The age of the Bakhshali manuscript, a mathematics text discovered in 1881 near Peshawar, has been hotly debated by scholars for about a century, on the basis of textual analysis and radiocarbon dating. Now, the radiocarbon accelerator at Oxford has coaxed it into revealing its age, which is 500 years more than estimated. But the analysis has also revealed a fresh problem — the pages date from three periods across almost eight centuries. Savants can now happily spend the next hundred years worrying about how they found their way into a single volume.
What effect does this have on the history of mathematics? Zero. The Bakhshali manuscript focuses on arithmetic algorithms, and the practical problems it sets suggest that it was used by traders on the Silk Route, rather than scholars.
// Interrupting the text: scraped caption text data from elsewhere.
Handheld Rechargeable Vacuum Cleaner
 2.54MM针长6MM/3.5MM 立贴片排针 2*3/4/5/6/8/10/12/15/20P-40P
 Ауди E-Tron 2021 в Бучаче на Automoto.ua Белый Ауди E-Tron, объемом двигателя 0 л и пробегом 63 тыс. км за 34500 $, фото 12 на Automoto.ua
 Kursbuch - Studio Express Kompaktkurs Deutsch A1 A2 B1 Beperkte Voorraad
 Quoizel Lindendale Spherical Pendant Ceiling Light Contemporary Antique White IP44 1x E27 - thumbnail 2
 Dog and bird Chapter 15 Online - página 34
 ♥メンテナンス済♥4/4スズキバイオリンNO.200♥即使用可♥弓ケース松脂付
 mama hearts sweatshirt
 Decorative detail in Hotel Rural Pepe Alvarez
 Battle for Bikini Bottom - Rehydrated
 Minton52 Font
Its importance lies in the copious use of zero as a placeholder. The device was widely prevalent across the ancient world, from South America to China, and survives as the decimal point which descended, via India and Arabia, from the Babylonian placeholder zero. It was not restricted to decimal systems, either. The Babylonians used base-60 for astronomical calculations, which survives in the telling of time — 60 seconds make a minute, and 60 minutes make an hour. India’s contribution was to extrapolate from zero as a placeholder to zero as a number. It made it possible to contemplate the void mathematically. It also birthed the wiliest gremlin of computer programming, division by zero, which freezes systems.
The Bakhshali manuscript is not primarily associated with zero as a number, a revolutionary idea first used by Brahmagupta in 628 CE. But he did not claim credit for it, and it could have predated him. In ancient history, there is rarely a final verdict on anything, and open questions are always preferable to dubious certainties.